Wie viele Dichter, die die Sprache wechselten, behielt auch Cioran, der 1995 in Paris starb, bis zuletzt ein ambivalentes Verhältnis zur angeeigneten wie zur angestammten Sprache. So gab er in einem Interview zu, dass er die französische Alltagssprache nicht beherrsche – als Essayist aber führte er das Französische zu neuen Abstraktionsstufen. Für die düstere, zeitenthobene Stimmung, die schon in seinen auf Rumänisch verfassten Büchern wie „Entdeckungen des Schmerzes“, „Auf den Gipfeln der Verzweiflung“ und „Gedankendämmerung“ herrschte, fand er nun einen aphoristisch-essayistischen Stil, mit dem er sich in eine urfranzösische Tradition einschrieb.

Er blieb bei der knappen Form: Gedankensplitter, Notizen, Glossen.
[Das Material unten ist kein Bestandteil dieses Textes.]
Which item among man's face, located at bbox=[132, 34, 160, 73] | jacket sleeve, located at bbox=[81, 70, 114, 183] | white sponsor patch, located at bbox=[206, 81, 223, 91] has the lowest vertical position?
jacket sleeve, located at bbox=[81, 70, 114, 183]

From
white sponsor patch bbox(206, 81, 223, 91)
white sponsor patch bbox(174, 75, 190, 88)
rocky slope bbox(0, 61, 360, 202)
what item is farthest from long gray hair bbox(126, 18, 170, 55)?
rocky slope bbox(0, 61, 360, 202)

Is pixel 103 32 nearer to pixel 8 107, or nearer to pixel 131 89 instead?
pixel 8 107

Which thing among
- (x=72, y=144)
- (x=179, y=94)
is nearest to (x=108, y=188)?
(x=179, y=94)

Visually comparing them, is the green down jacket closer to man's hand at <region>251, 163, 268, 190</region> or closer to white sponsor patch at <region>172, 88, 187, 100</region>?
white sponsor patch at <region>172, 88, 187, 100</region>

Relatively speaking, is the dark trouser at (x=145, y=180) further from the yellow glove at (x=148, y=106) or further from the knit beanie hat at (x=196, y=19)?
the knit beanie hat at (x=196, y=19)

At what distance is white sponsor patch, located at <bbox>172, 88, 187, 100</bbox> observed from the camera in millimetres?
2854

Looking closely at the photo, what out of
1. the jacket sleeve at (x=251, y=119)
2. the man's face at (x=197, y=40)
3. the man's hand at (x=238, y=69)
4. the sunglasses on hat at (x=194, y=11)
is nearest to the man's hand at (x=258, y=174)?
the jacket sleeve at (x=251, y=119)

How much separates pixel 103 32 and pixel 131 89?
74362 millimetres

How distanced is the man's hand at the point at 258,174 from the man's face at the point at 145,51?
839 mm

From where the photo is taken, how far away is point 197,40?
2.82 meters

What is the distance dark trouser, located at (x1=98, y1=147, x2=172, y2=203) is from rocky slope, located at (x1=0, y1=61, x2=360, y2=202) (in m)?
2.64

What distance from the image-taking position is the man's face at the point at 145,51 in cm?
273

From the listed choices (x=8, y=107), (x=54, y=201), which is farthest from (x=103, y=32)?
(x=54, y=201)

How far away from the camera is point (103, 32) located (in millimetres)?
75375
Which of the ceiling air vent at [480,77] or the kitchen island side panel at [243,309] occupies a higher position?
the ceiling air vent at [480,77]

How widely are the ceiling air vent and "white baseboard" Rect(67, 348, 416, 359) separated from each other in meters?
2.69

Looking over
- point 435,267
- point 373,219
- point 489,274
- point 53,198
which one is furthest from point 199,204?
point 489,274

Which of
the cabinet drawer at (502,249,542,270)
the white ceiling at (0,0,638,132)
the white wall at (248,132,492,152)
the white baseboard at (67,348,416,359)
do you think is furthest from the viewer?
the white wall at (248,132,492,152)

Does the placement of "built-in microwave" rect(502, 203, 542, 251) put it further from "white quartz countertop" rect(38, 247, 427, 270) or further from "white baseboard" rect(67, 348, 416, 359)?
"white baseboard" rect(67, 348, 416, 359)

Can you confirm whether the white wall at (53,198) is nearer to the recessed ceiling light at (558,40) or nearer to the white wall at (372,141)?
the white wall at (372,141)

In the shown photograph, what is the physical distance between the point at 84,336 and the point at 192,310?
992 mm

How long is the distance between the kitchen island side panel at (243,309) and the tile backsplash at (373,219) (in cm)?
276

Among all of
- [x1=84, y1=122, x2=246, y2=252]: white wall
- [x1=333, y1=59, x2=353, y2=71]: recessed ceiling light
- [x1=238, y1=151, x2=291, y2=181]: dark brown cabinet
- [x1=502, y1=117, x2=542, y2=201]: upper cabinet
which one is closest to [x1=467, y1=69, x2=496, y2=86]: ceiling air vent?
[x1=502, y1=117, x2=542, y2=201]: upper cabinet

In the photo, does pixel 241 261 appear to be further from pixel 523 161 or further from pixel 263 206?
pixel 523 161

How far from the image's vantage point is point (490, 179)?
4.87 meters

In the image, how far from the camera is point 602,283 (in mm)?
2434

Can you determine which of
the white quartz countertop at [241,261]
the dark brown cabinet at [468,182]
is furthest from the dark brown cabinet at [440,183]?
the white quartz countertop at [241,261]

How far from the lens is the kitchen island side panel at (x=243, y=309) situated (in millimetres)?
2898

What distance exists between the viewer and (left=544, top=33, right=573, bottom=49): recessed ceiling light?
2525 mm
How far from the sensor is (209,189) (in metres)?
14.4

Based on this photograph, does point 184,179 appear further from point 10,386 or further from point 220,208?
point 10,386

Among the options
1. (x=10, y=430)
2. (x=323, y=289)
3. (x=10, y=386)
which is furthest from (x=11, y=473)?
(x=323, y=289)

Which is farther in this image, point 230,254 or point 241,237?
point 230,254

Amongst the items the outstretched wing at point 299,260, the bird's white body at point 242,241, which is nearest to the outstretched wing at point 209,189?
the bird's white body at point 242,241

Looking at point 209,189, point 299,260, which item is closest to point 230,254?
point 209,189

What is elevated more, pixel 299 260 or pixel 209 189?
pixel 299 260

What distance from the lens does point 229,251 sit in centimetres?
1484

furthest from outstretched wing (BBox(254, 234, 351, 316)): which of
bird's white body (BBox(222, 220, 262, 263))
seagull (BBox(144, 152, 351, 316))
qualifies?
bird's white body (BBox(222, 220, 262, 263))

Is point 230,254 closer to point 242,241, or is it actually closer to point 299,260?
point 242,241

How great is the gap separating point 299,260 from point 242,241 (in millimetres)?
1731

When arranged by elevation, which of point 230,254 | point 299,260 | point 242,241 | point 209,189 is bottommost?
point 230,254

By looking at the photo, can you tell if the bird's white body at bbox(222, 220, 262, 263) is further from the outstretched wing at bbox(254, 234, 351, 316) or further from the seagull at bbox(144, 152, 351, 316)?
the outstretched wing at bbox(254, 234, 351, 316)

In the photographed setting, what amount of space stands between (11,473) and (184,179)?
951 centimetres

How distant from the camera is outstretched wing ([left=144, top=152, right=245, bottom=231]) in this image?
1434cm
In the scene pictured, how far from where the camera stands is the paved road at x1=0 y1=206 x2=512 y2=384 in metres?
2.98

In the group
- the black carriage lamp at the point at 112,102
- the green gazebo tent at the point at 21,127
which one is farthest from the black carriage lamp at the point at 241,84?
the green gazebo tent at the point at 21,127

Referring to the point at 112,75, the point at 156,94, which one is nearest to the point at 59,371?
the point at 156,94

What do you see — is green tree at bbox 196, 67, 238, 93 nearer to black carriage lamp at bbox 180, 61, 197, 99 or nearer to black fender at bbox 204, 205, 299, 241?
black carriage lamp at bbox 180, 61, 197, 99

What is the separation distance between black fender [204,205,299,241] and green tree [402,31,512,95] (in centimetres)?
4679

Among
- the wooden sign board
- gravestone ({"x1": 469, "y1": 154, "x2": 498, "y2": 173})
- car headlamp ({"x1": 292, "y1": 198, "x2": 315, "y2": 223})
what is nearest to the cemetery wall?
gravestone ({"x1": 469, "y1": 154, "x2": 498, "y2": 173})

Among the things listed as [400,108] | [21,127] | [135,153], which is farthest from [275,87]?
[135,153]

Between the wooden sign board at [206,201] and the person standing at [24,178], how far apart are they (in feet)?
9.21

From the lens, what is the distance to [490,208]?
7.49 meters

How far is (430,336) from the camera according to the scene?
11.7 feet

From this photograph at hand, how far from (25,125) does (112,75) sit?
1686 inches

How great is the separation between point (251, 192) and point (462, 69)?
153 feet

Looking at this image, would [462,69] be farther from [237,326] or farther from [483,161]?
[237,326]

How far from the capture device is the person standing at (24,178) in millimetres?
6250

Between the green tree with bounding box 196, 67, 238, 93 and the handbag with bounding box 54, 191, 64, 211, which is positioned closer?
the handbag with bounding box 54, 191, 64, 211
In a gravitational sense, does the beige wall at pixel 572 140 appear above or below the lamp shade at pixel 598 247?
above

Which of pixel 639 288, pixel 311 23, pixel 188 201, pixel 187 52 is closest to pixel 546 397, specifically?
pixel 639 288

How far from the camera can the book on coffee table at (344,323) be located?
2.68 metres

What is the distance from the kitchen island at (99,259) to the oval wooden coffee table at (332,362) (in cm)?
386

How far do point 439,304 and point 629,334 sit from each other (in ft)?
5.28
Die Titel seiner Bücher („Die verfehlte Schöpfung“, „Vom Nachteil, geboren zu sein“, „Leidenschaftlicher Leitfaden“, „Lehre vom Zerfall“, „Syllogismen der Bitterkeit“, „Der Absturz in die Zeit“) sprechen von tiefer Verzweiflung.

„Mein Werk“, erklärte Cioran einmal, „ist ein Werk der Verneinung.“ Diese Verneinung war philosophisch sublimierte und sprachlich geformte Welt- und Lebensauffassung, die aus einer anhaltenden subdepressiven Befindlichkeit stammte.

Vielleicht war die vitalistische Sehnsucht seiner Jugend ein Versuch, der Niedergeschlagenheit zu entkommen – aber sie machte ihn anfällig für die faschistische „Eiserne Garde“ in Rumänien und den deutschen Nationalsozialismus, den er als Humboldt-Stipendiat in Berlin zwischen 1933 und 1935 miterlebte. Die Aufsätze, die Cioran für rumänische Zeitschriften aus Deutschland geschrieben hat, sind nun erschienen: Der Band „Über Deutschland“ versammelt Kritiken über deutsche Maler und Philosophen (Dürer, Hegel, Jaspers) und kulturpolitische Berichte (über „die ethische Problematik in Deutschland“, den „Verzicht auf Freiheit“ oder über das „Opfer der Massen“).

"Einsam angesichts des Daseins"

Darin ist der pessimistische Kulturdeuter erkennbar. „Das philosophische Denken findet, indem es über das Subjekt reflektiert, ebendarin den Ursprung der Verneinung und verneint das Subjekt, ebenso wie dieses ehedem die Gegenstände verneinte.“ Oder: „Der Tod ist etwas, was sich zwischen einem Scheinleben und dem wahren Leben befindet und jenseits beider steht.“ Oder: „Mehr als in der bloßen Langeweile ist der Mensch in der Melancholie einsam angesichts des Daseins.“

Aber erkennbar ist auch der faschistoide Denker, der von dem „zum Äußersten getriebenen Messianismus“ der Deutschen beeindruckt war und die Diktatur zum „politischen Triumph“ verklärte. „Wer weiß, ob die Menschen die Freiheit verdienen und ob sie sie brauchen!“ Oder: „Die Demokratie fordert dich auf, Bürger zu sein; die Diktatur zwingt dich dazu.“ Oder: „Um die Diktatur zu verstehen, muss man Zynismus und Enthusiasmus richtig zusammenzusetzen wissen.“

Vielleicht wollte Cioran, als er vom Rumänischen zum Französischen wechselte, sich auch von diesen Äußerungen distanzieren. „Wer seine Sprache verleugnet und eine andere annimmt, verändert seine Identität, ja sogar seine Enttäuschungen“, heißt es in „Dasein als Versuchung“: „Als heroischer Verräter bricht er mit seinen Erinnerungen und bis zu einem gewissen Grad mit sich selbst.“ Cioran hat seine jugendliche Verirrung nicht verleugnet, aber sie als „heroischer Verräter“ verdrängt. Und auch dafür hat ihm der Wechsel der Sprache genutzt.

E.M. Cioran: Über Deutschland. Aufsätze aus den Jahren 1931-1937. Aus dem Rumänischen und mit einem Nachwort von Ferdinand Leopold. Suhrkamp Verlag, Berlin 2011, 216 S., 17,90 Euro.